When I lived in my townhouse one of the neighbors had a nasty little brown bitch who would attack Tasha's ankles everytime we walked out the gate. I called A/C several times on the gross little animal but the owners kept letting her run loose. 

One day it was going after Tash, I had heavy leather snow boots on, and I kicked it hard down the hill. Yeah, it stopped going after Tash, but I've always felt guilty about being forced to do that to an animal. I would have preferred kicking the owner's butt down the hill. 

I guess the owners got tired of A/C being called because finally the dog didn't come back from the pound or maybe they moved or gave it away. Anyway, I celebrated the day I didn't have to see the ugly little thing any longer.


----------



## shilorio (Mar 21, 2010)

yeah shilo has horible SA, and i think she has many anxious habbits  next year we were thinking of getting a second dog, but we have to make sure she is good before so, but i think she would love a friend and maybe feel more pack like maybe but im not sure


----------



## DCluver33 (May 27, 2010)

arycrest said:


> Bah! Humbug!
> 
> When I lived in my townhouse one of the neighbors had a nasty little brown bitch who would attack Tasha's ankles everytime we walked out the gate. I called A/C several times on the gross little animal but the owners kept letting her run loose.
> 
> ...


that's so sad that you had to kick the dog down a hill for the owners to realize to do something about it.


----------



## shilorio (Mar 21, 2010)

arycrest said:


> Bah! Humbug!
> 
> When I lived in my townhouse one of the neighbors had a nasty little brown bitch who would attack Tasha's ankles everytime we walked out the gate. I called A/C several times on the gross little animal but the owners kept letting her run loose.
> 
> ...


haha a dalmation attacked my friends dog (tony) once and he grabbed the dog and threw him off, he gave tony scars. and the owners actted like it was nothing! makes me cringe..


----------



## DCluver33 (May 27, 2010)

shilorio said:


> yeah shilo has horible SA, and i think she has many anxious habbits  next year we were thinking of getting a second dog, but we have to make sure she is good before so, but i think she would love a friend and maybe feel more pack like maybe but im not sure


what i do with molly is I gave her a certain place in my house to lay on that's not near me but she can see me, and she's not allowed to follow me around the house unless i release her. it's also really bad for dogs with SA to sleep in the same room as their owners so Molly sleeps out of my room in the hallway.
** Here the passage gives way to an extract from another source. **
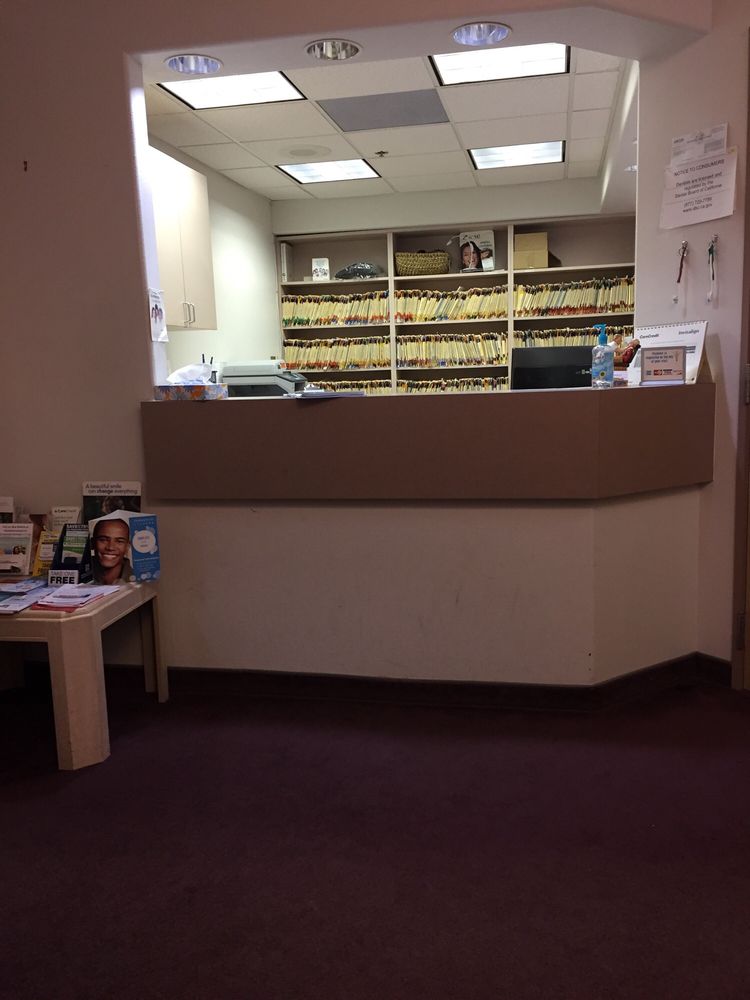 Photo of Lakeshore Dental Care Clinic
It's gotten a little better a far cry from where she was three years ago, but she's still really bad lol. oh and if she cries or barks i completely ignore her because if I look at her or tell her to be quiet i'm just giving her what she wants which is attention. i only give her attention when she's stopped crying so she understands that crying= no attention no crying= attention.


----------



## shilorio (Mar 21, 2010)

thanks for the tips!  ill defanatly try thoughs!  do you do much for the submission? im not sure what i should do for that or if i should just let her grow out of it? its not nearly as bad as it was.. i just want more focas in return


----------



## DCluver33 (May 27, 2010)

shilorio said:


> thanks for the tips!  ill defanatly try thoughs!  do you do much for the submission? im not sure what i should do for that or if i should just let her grow out of it? its not nearly as bad as it was.. i just want more focas in return


like submissive in what way?


----------



## shilorio (Mar 21, 2010)

submissive toward other dogs


----------



## DCluver33 (May 27, 2010)

shilorio said:


> submissive toward other dogs


if she's submissive to other dogs that's good if she's dominate towards other dogs that can be bad seeing as the other dog could not like it and it could cause a fight. I always make sure my dogs are in a calm submissive state and I take them to the dogs not the other way around where they're taking me to the dogs it helps me control the situation and I always present butt first I never let them meet nose to nose that could also cause a fight. hope I answered your question.


----------



## shilorio (Mar 21, 2010)

thank you very much  just the other day she played (great play) with the cutest puppy! she loves pups  her boy friend tony (three times bigger than her) we meet him every thursday, she is now becoming dominate over him and showing him who is boss but they are so cute  i love her playing with other dogs ONE ON ONE becasue she opens up so well and just loves it so very much! it makes me so proud


----------



## selzer (May 7, 2005)

I would have with a straight face yet told her, "Good, he hasn't had his lunch yet."

What a total zero. 

I am glad that you did not subject your dog to actually touching her. When our dogs out of the ordinary shy away or growl at people, it is probably someone who is exuding this hateful feeling toward them.


----------



## DCluver33 (May 27, 2010)

selzer said:


> I would have with a straight face yet told her, "Good, he hasn't had his lunch yet."
> 
> What a total zero.
> 
> I am glad that you did not subject your dog to actually touching her. When our dogs out of the ordinary shy away or growl at people, it is probably someone who is exuding this hateful feeling toward them.


yea or scared,nervous,anxious.


----------



## DCluver33 (May 27, 2010)

shilorio said:


> thank you very much  just the other day she played (great play) with the cutest puppy! she loves pups  her boy friend tony (three times bigger than her) we meet him every thursday, she is now becoming dominate over him and showing him who is boss but they are so cute  i love her playing with other dogs ONE ON ONE becasue she opens up so well and just loves it so very much! it makes me so proud


good I'm glad I could be of some help  and that's good your dog opens up to other dogs


----------



## shilorio (Mar 21, 2010)

DCluver33 said:


> good I'm glad I could be of some help  and that's good your dog opens up to other dogs


yea she has the "boxer box" she uses her paws alot! its so cute!


----------



## doggiedad (Dec 2, 2007)

i would have said "thanks for telling me"
she was looking out for seniors and small dogs.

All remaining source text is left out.